Lesson 2: speed knobs depend on workload shape, not one-switch-on. The same specprefill is a 2.4x boost on cache-miss and a 6x drag on cache-hit.
Final stack and routing
| Model | specprefill | Role |
|---|---|---|
| Qwen3.6-35B-A3B | OFF | Interactive driver, feeds on the prefix cache |
| Qwen3.5-9B | on (no-op on short input) | Extraction workhorse, pinned/hot-loaded |
| gemma-4-E4B | off | Second concurrency slot, high-throughput preprocessing |
| Qwen3.6-27B | on (turn off for interactive) | On-demand high-quality fallback |
Routing converges to: sensitive-data de-identification / structured extraction / literature triage goes to 9B (overflow to E4B); offline discussion and coding goes to 35B-A3B; peak Chinese/coding quality when time is no object goes to 27B. Genuine reasoning and final polish still go back to the cloud frontier.
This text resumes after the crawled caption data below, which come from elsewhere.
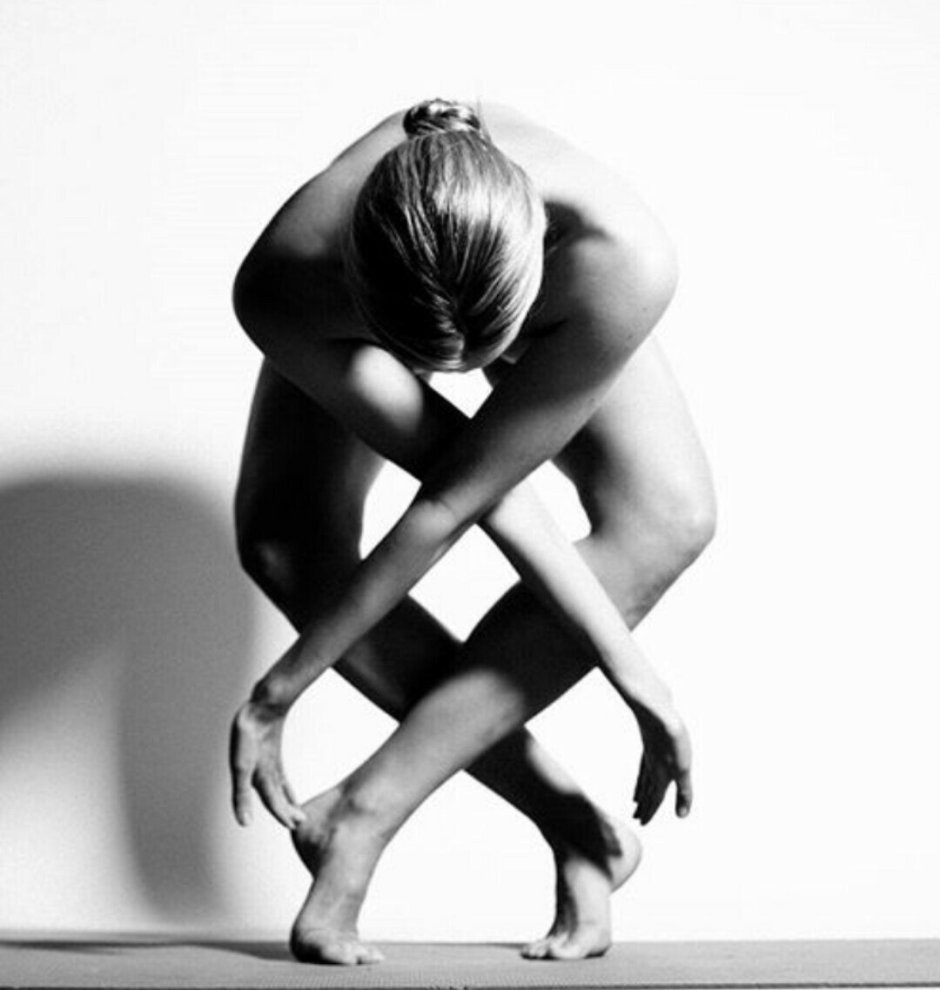 Naked yoga man and woman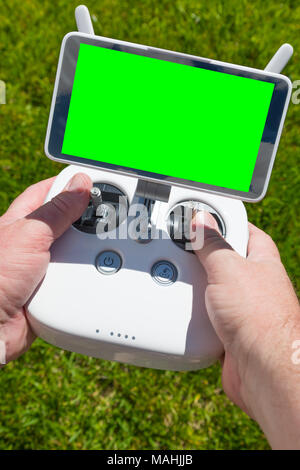Hands Holding Drone Quadcopter Controller With Blank Green Screen. Stock Photo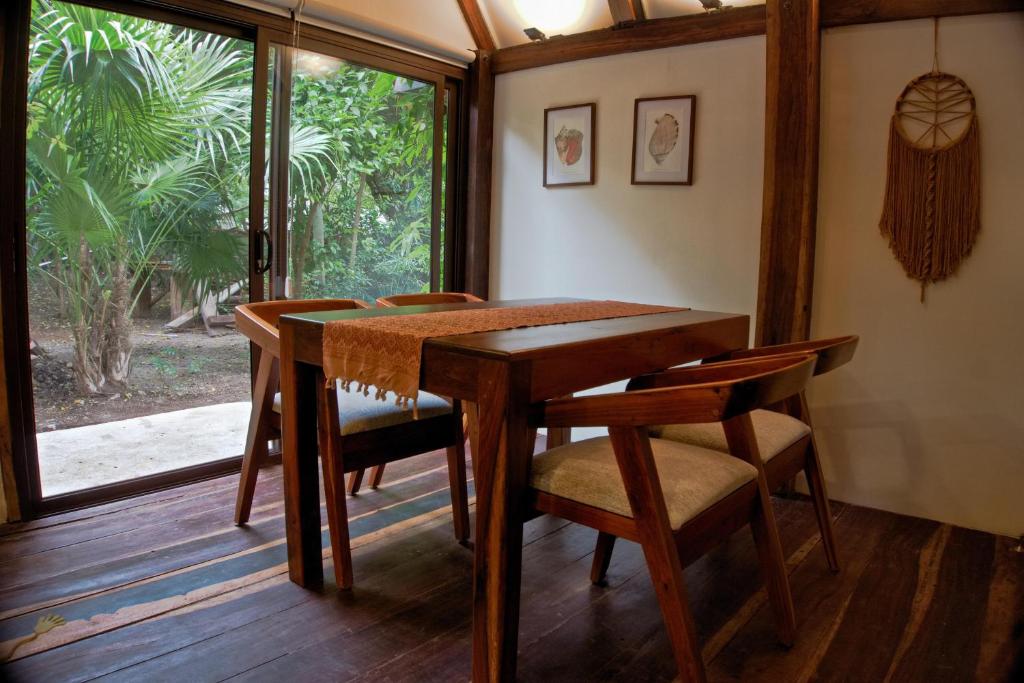 a wooden table and chairs in a room with a window at Cabaña Chechen, wooden chalet in tropical garden in Isla Mujeres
One free bonus: pruning orphan models with no routing references (leftover benchmark artifacts, broken drafts) shrank the hub from 60GB to 33GB, reclaiming 27GB.
What I'd tell you over coffee
- The log is the only truth. Don't trust HTTP 200. Silent fallbacks masquerade as success.
- Speed knobs depend on workload shape. cache-miss vs. cache-hit can flip the same knob from savior to burden.
- Be willing to overturn yourself. Once the data showed specprefill was net-negative for the interactive driver, I pulled it. Evidence over ego.
If you want to run an offline local stack on one Mac, this transfers directly: pick one MoE as the driver (speed/quality sweet spot), one 9B-class model as the extraction laborer, one tiny model as the concurrency slot; and leave speculative decoding alone on this build until oMLX fixes the draft loader.
Frequently Asked Questions
What cloud generation does a local model on one Mac match?
The top performers (35B-A3B and 27B) score around 2024-era GPT-4o and Claude 3.5 Sonnet on static benchmarks. In practice, long-context and agentic work feels more like GPT-4o-mini or Claude 3.5 Haiku, still one to two generations behind the current frontier. The 9B sits around GPT-4o-mini level, and the E4B is roughly GPT-3.5-turbo.
The 27B scored highest. Why pick 35B-A3B as the daily driver?
35B-A3B is a MoE that activates only ~3B parameters per token. Its composite 0.733 nearly matches 27B's 0.758, but it finishes the full benchmark suite in 824 seconds versus 3266 for 27B, nearly 4x faster. It also beats 27B on hard coding and math. The only thing that could speed up 27B is MTP, which is broken on this oMLX build, so 27B stays as a fallback for when time doesn't matter.
Should I turn on speed knobs like specprefill everywhere?
No. specprefill skips the prefix and session KV cache, recomputing prefill from scratch every time. On new long inputs (batch document work), it's 2.36x faster. On interactive agents that keep hitting the same cached prefix, it's about 6x slower. Whether to flip it depends on what the workload looks like.
Can these benchmark scores be used as a precise ranking?
Not really. Each benchmark only sampled about 30 items, so there's roughly ±10% noise. Good enough for tiering, not for ranking. Static multiple-choice is also where smaller models catch up most easily. Real-world reasoning and agentic gaps tend to be wider than the numbers suggest.